What is required:
In the copy, keep every line below as it is and leave out the pictures.

╭─ Collected material

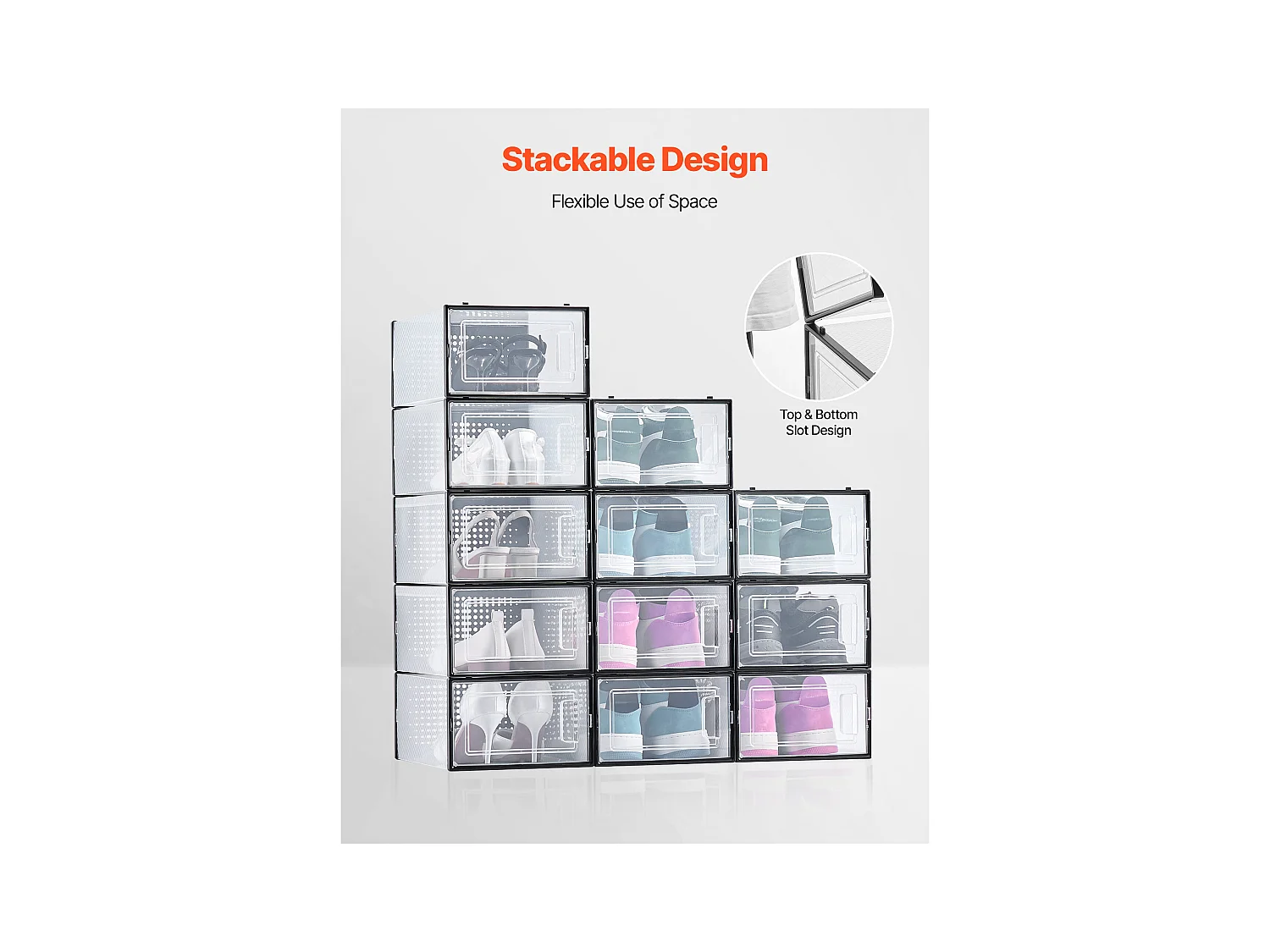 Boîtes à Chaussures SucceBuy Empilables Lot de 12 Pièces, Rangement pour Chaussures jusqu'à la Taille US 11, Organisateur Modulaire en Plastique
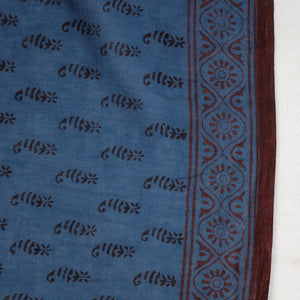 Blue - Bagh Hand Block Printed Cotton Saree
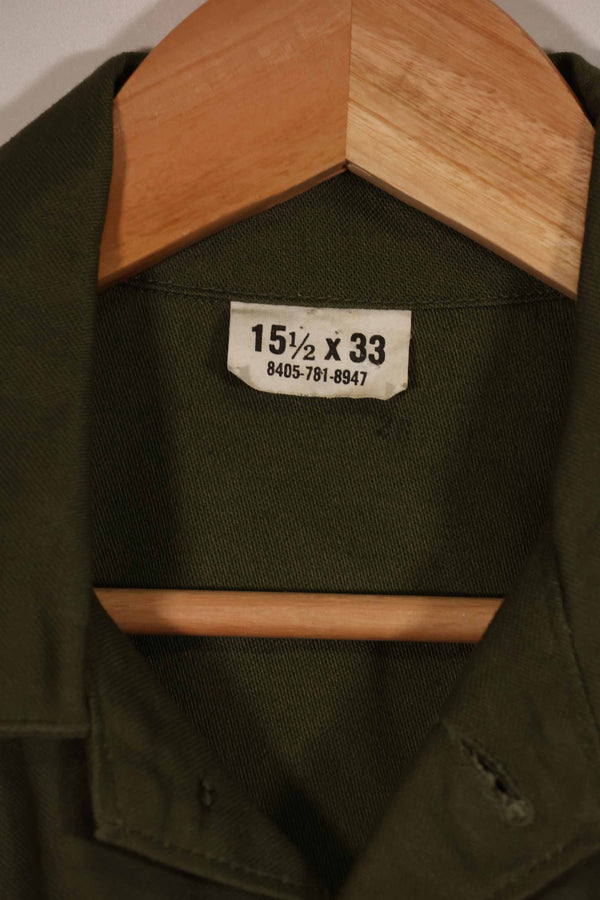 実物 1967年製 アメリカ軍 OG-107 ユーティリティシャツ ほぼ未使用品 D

╰─

Output for this exercise:
 Boîtes à Chaussures SucceBuy Empilables Lot de 12 Pièces, Rangement pour Chaussures jusqu'à la Taille US 11, Organisateur Modulaire en Plastique
 Blue - Bagh Hand Block Printed Cotton Saree
 実物 1967年製 アメリカ軍 OG-107 ユーティリティシャツ ほぼ未使用品 D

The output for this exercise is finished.